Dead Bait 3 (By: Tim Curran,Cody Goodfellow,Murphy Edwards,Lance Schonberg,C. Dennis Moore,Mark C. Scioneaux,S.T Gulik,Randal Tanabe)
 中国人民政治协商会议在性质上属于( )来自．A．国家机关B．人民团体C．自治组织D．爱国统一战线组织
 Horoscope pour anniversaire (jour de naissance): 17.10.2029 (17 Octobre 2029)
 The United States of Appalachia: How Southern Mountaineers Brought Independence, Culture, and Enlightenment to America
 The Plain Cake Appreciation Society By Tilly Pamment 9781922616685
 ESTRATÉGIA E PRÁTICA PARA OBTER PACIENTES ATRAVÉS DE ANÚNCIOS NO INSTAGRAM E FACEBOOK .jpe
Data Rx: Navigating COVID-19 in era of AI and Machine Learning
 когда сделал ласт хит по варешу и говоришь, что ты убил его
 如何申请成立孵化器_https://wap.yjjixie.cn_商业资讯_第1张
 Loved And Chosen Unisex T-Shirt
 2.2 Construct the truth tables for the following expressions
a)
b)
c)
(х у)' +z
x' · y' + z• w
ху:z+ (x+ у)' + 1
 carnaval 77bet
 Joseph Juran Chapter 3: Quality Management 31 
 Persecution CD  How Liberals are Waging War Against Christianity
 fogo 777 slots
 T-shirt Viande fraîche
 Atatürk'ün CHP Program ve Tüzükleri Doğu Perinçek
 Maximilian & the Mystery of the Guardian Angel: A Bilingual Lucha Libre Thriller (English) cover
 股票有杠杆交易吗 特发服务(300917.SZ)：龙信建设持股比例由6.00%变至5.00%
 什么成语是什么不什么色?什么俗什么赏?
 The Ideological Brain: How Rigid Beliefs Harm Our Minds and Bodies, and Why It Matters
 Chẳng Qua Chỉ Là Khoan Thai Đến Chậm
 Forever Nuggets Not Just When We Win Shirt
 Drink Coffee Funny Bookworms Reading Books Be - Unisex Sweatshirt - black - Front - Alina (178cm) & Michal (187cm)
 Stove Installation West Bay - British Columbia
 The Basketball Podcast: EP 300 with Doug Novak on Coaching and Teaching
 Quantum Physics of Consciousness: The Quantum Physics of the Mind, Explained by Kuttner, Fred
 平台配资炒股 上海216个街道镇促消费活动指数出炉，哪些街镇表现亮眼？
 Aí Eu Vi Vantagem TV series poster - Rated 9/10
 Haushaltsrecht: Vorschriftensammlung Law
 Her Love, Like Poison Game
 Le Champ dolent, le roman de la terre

☆ ☆ ☆

**Task statement:**
Looking through the data above, copy out each line in which the string "Unisex" occurs.

**Written solution:**
 Loved And Chosen Unisex T-Shirt
 Drink Coffee Funny Bookworms Reading Books Be - Unisex Sweatshirt - black - Front - Alina (178cm) & Michal (187cm)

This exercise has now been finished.